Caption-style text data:
- Opening Delimiter -
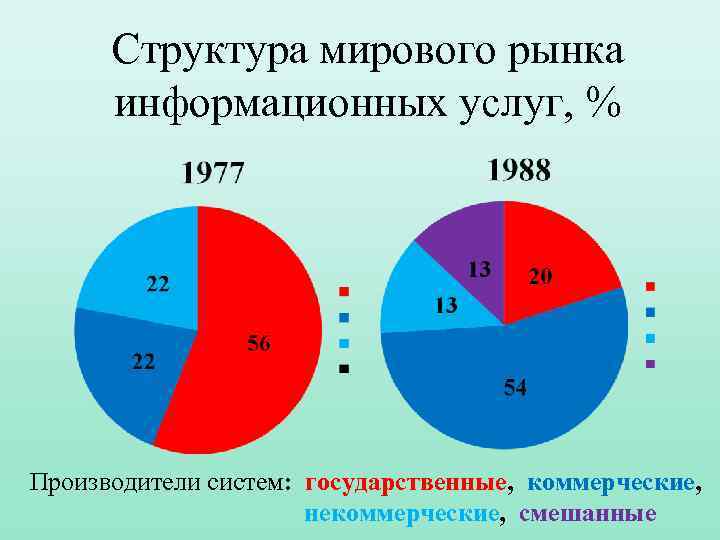 Мировой рынок товаров и услуг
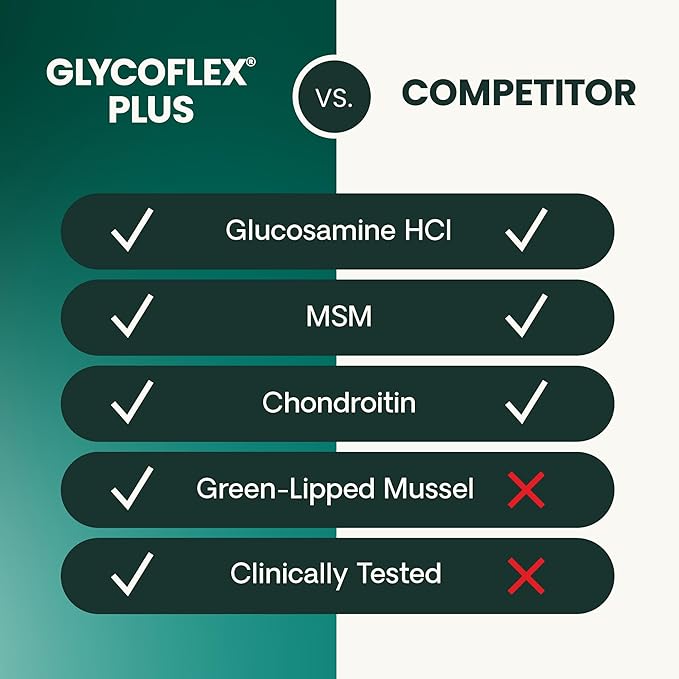 VetriScience GlycoFlex Plus Hip and Joint Supplement for Dogs – Extra-Strength Joint Support Chews with Green Lipped Mussel, Chondroitin, and Glucosamine for Dogs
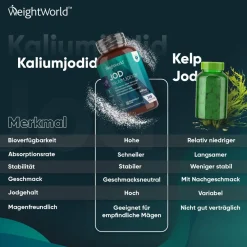 Jod Kaliumjodid Tabletten><noscript><img width=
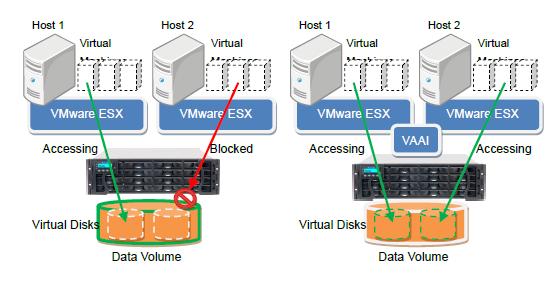 Hardware-Assisted Locking If the storage system was used for sharing to multiple virtualization servers, VMware s file system needs to coordinate all the accesses from multiple servers.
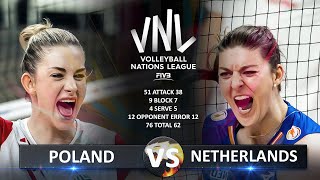 Poland vs Netherlands  Womens VNL 2024 [upl. by Anayd]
- Closing Delimiter -
→ Brief
An exact retyping of the entries, without images, is the required answer.

→ Output below
 Мировой рынок товаров и услуг
 VetriScience GlycoFlex Plus Hip and Joint Supplement for Dogs – Extra-Strength Joint Support Chews with Green Lipped Mussel, Chondroitin, and Glucosamine for Dogs
 Jod Kaliumjodid Tabletten><noscript><img width=
 Hardware-Assisted Locking If the storage system was used for sharing to multiple virtualization servers, VMware s file system needs to coordinate all the accesses from multiple servers.
 Poland vs Netherlands  Womens VNL 2024 [upl. by Anayd]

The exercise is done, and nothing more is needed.